May Flora Spotlight:
Commonly called Sweet Shrub, Carolina Allspice and Sweet Betsy, this uncommon shrub has distinctive, fragrant flowers, spicy-smelling leaves (when crushed), and oddly-shaped fruit. The flowers are especially fragrant in the evening. On a nature hike when I first moved here over 12 years ago, the leader told the story of how it also came to be called Sweet Bubby. Two centuries ago when women did not bathe as often as we do
today they would put the flowers near their bosom area to smell nice for their men folk.

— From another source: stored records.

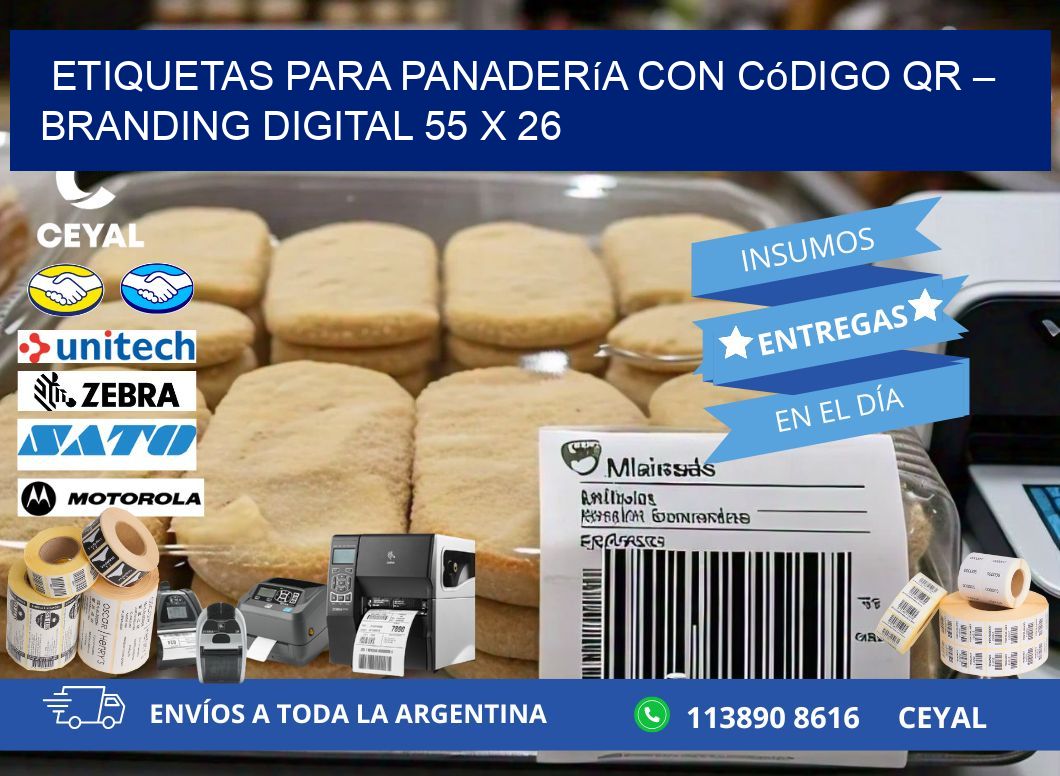 Etiquetas para panadería con código QR – Branding digital 55 x 26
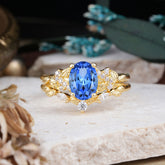 Nature-Inspired Luxury 4-Prong Oval-Cut Sapphire Engagement Ring Set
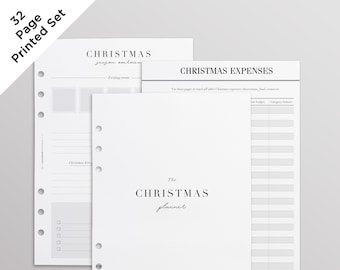 BEDRUCKTE A5 Weihnachts-Einlagen für Filofax, LV GM Agenda und Kikki K Large | Urlaubs Planer Seiten Kit, Budget, Geschenkliste & Mehr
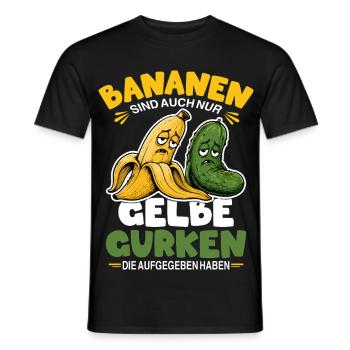 Bananen sind auch nur gelbe Gurken Humor Design - Männer T-Shirt - Schwarz - Vorne - AI Model Male 178 light (178cm)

Sweet Shrub is easy to grow in average soil, is essentially pest-free and turns bright yellow in autumn. This deciduous shrub thrives in medium shade to bright sun. It prefers moist soils but can survive periods of drought if necessary. To keep the size compact, prune after flowering.
Sweet Shrub produces suckers that can be easily dug and planted in a new location - at just about any time of the year provided the transplants are kept moist.
Use Sweet Shrub in natural areas and woodland gardens where it can sucker freely and assume its natural habit. Sweet Shrub is also nice in planters near entryways and patios where its delicate fragrance can be enjoyed.
The Native Americans used the leaves, twigs and buds as a diaphoretic. Also the root and bark was dried and used as a substitute for cinnamon.